Abigail Cooke, assistant professor
Department of Geography

Days before the presidential election, experts from around the world will convene at UB to debate one of the campaign season’s most controversial economic topics: the Trans-Pacific Partnership (TPP), an agreement that would govern trade between 12 Pacific Rim nations, including the United States.

The TPP has been a hot-button issue throughout the 2016 presidential campaign, with much of the conversation focused on whether the deal would cost American jobs.

The agreement was signed earlier this year by partner countries but needs to undergo ratification — including approval by the U.S. Congress — before it can take effect.

“One of our hopes is to bring a little bit more nuanced attention to the discussion of the TPP and to highlight the fact that the way it’s being talked about by politicians and the media is really simplified,” says Abigail Cooke, assistant professor of geography and an organizer of the Nov. 5 forum at UB, along with Geography colleagues Trina Hamilton and Marion Werner, and School of Law colleague Meredith Kolsky Lewis.

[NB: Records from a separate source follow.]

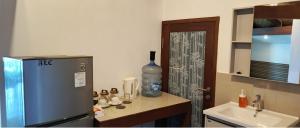 a small kitchen with a refrigerator and a sink at Castaway Surf Retreat in Sekongkang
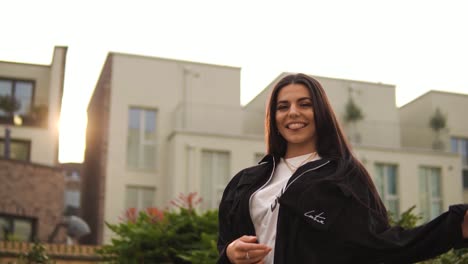 Una-Joven-Positiva-Está-Mirando-La-Puesta-De-Sol-De-La-Hora-Dorada-Haciéndola-Sentir-Bien-Disfrutando-De-La-Vida-Luciendo-Linda-Fabulosa-Sonriendo-Sacando-La-Lengua-Descarada-Confiada-En-Las-Casas-Barrio-Rico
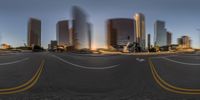 a view of the city from an intersection in this time lapse camera lens image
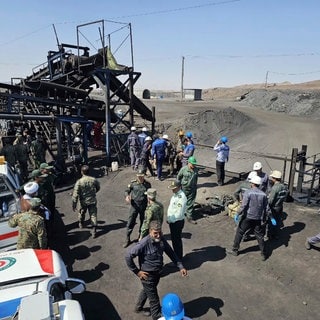 HANDOUT - Auf diesem von der iranischen Gesellschaft des Roten Halbmonds veröffentlichten Foto sind Bergleute und Polizisten am Standort einer Kohlemine etwa 540 Kilometer südöstlich der iranischen Hauptstadt Teheran zu sehen. Bei einer Gasexplosion in einem Kohlebergwerk im Nordostiran sind bislang mindestens 30 Arbeiter ums Leben gekommen. Die Explosion, verursacht durch ein Gasleck, ereignete sich im Kohlebergwerk in der Stadt Tabas.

“The discussion has largely been focused on the question of, ‘Is this good for the United States?’ Or, ‘Is Vietnam a winner here or not?’ It’s this high-level, country-by-country assessment of winners and losers in narrow economic terms, but in reality, the implications of this deal are much more complex and far reaching — within every country there will be people who are going to be hurt by this and people who are helped by this.”

The Nov. 5 symposium — “Global Governance and the Trans-Pacific Partnership” — will take place from 8:30 a.m. to 5 p.m. in 509 O’Brian Hall, North Campus.

The event is free, but space is extremely limited. To RSVP, contact Trina Hamilton.

A schedule and list of presenters is available on the symposium website.

The forum will feature speakers from four of the 12 TPP countries: Australia, Canada, Singapore and the United States.

Panelists will include university researchers and representatives of international organizations, and conversation will focus on four main issues: economic development; labor and human rights, including health; the environment; and future directions for the TPP.

As the organizers write on the symposium website, “Our goal is to share the lessons of past research in order to evaluate the agreement based on its implications for marginalized populations, as well as ecosystems and ecological functions, in signatory countries and beyond.”

The Global Governance and the Trans-Pacific Partnership Symposium 2016 is organized through the Canada-U.S. Trade Center in the Department of Geography and sponsored by the Baldy Center for Law and Social Policy in the law school, the Department of Geography and the Asian Studies Program in the College of Arts and Sciences, and the Nila T. Gnamm Junior Faculty Research Fund at UB.